The ninth inning ruined an otherwise brilliant performance from Lee.

He didn't allow a hit until Carlos Quentin singled with two outs in the fourth inning. He didn't allow a base runner to reach scoring position until Yasmani Grandal hit a booming double in the fifth.

Lee struck out the next batter, however, to end the inning.

Although Lee threw 109 pitches in his first eight innings and his spot came up with a runner on second and two outs in the ninth, Manuel decided to stick with his starting pitcher. Papelbon warmed up in the half inning, but wasn't summoned in until Lee gave up consecutive hits to begin the ninth.

"Pap had a lot of work last week and Lee was pitching a good game," Manuel said of the decision. "I was waging a lot of things. But evidently I didn't make the right choice."

While Lee tamed the Padres, the bottom of the order fueled the Phils offense.

John Mayberry Jr., batting seventh and starting in center field in place of Ben Revere, went 3-for-4 with two runs scored and two stolen bases.
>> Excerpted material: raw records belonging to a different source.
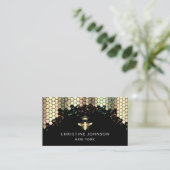 ontwerp van koningin op zwarte achtergrond visitekaartje (Staand voorkant)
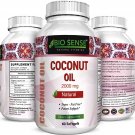 Coconut Oil Capsules – 2000 mg Pure Extra Virgin – Source of MCT – Essential ...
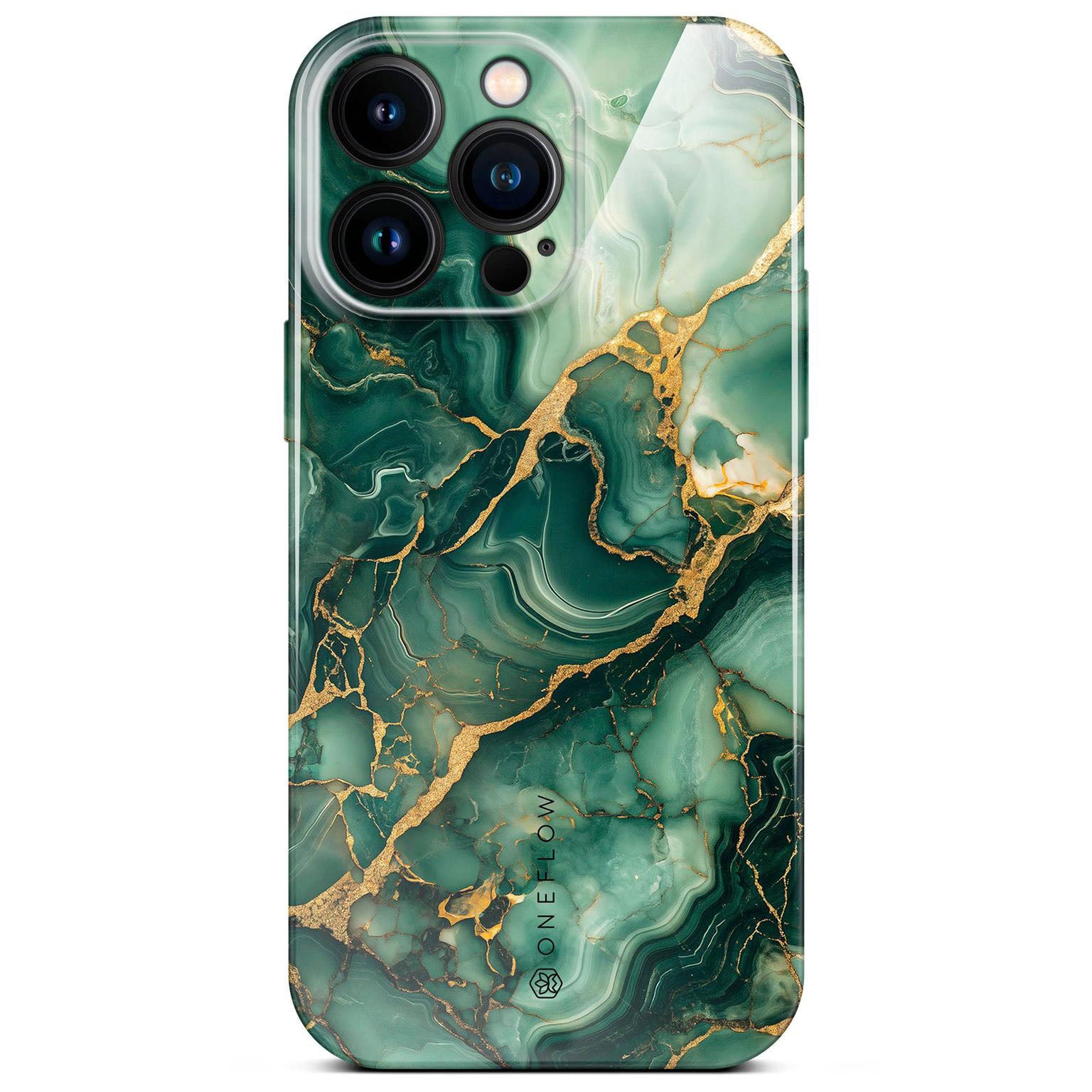 Bliss Cover für iPhone 14 Pro Max in der Farbe Emerald Flow (Grün)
He entered the night hitless in 10 at-bats over the previous eight days.

Ruiz, hitting behind Mayberry (and Delmon Young) in the eighth spot, also went 3-for-4. Ruiz's two-out single in the second brought Mayberry home with the game's first run.

Mayberry and Ruiz helped the Phils score their second run, too. After Mayberry led off the fifth with a double, Ruiz moved him to third with a single before Jimmy Rollins brought him home with a sacrifice fly.

The Phils scored their third and final run of the night when Chase Utley led off the eighth with a booming, 402-foot solo home run to right-center.

Utley's home run loomed large in the ninth, as the Padres rallied. But one run insurance run wasn't enough to help the Phillies, who have the worst bullpen in baseball (4.67 ERA entering play Monday).